I knitted these bunnies from the pattern below for my two little grandchildren. I have little chocolate bunnies on sticks to go with them for Easter. They are little people. They just need little so I have made it look more important with the bunnies. They are quick to make and these ones are so soft. I used fluffy yarn which I had in my stash. It is very cleverly how you make them and not a bit hard. The pompons tails I mad by winding the yarn around 3 fingers, securing it in the middle and pulling very tight and ensuing it was properly fastened. I then cut the loops and got really fluffy tails ! I embroidered the features with finer yarn and should have done that on the green rabbit nose but he looks kind of cute anyway. You need very little filler to stuff them as then need to be nice and squishy. Right now they are with my felted egg Easter tree getting into the Easter mood.


Hairy, scary fairy

My little 18 month granddaughter likes cute and cuddly and rainbows and unicorns but she has a real appreciation for weird and wonderful and bizarre looking things. I made

her Hairy McFairy, the scary, hairy fairy and she really loves it. She loves she can hold her in her little hand and run around the house. She loves the hair tickles her face and she loves that it just looks weird. She offered it food.
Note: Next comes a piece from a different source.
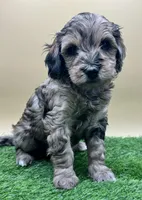 Leather, a male Miniature Goldendoodle for sale in Hendersonville, NC – Photo 3 of 5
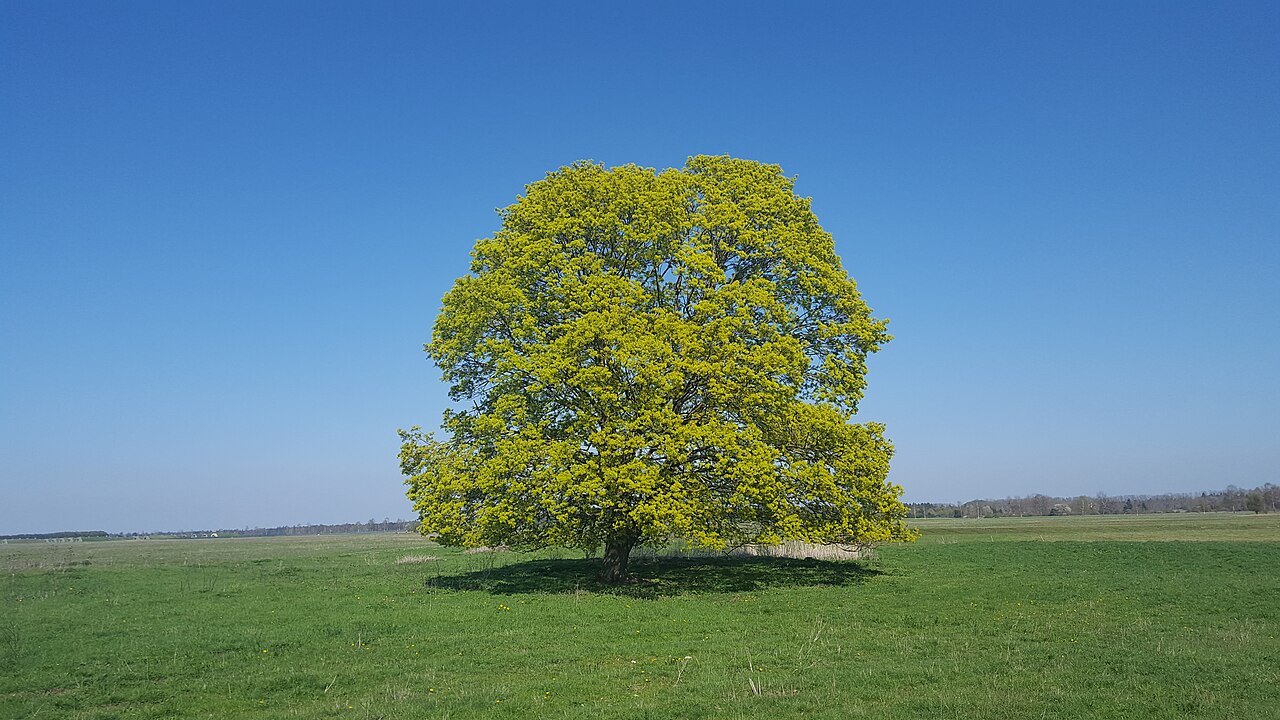 Ganzer Baum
I used acrylic art yarn for the hair . The doll is cotton as is the little flower petal skirt. The wings are 3 ply wool with a bit of shaggy acrylic white threaded through. The head is crocheted with 2.5 hook. Four rows of stocking stitch for the arms and legs on 3.25 needles  and then rolled and sewn. The legs are folded in half and sewn into the bottom of the body. The arms are thrown the body. There is a tiny bit of stuffing as well. The body is six stitches and stocking stitch. I crocheted vertical teal lines on the body to make a top which matches the wings. The crochet petal skirt has some pale green yarn threaded through the edges.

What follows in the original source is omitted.